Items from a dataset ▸
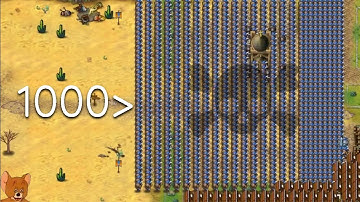 1000 ARCHERS DEFENDS THE FORTRESS - Fortress Under Siege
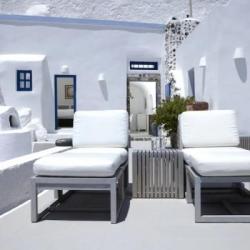 Imagine pentru Hotel Honeymoon Petra Villas Cazare - Imerovigli 2025
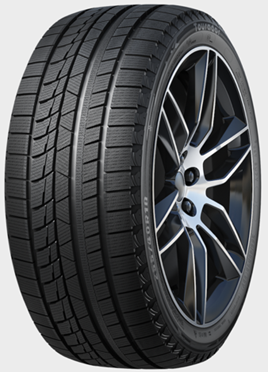 Автошина TOURADOR 225/45R19 WINTER PRO TSU2 96V XL TL 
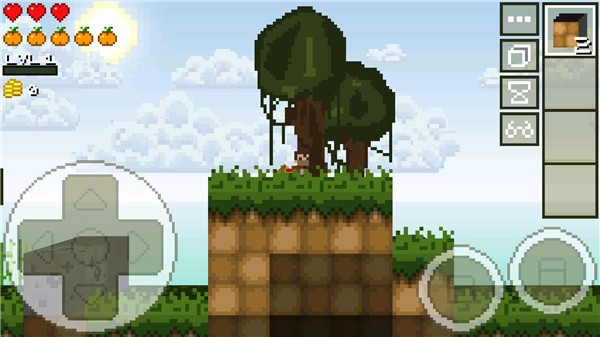 迷失的矿工联机版截图4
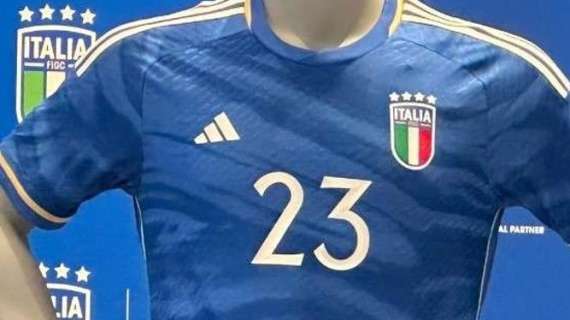 Italia Under 16, i convocati per il doppio test con l'Albania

About this exercise ▸ Only the lines from the one containing "Imagine pentru Hotel" through the last line of the data belong in the copy, both included and reproduced exactly. Pictures do not.

Answer ▸
 Imagine pentru Hotel Honeymoon Petra Villas Cazare - Imerovigli 2025
 Автошина TOURADOR 225/45R19 WINTER PRO TSU2 96V XL TL 
 迷失的矿工联机版截图4
 Italia Under 16, i convocati per il doppio test con l'Albania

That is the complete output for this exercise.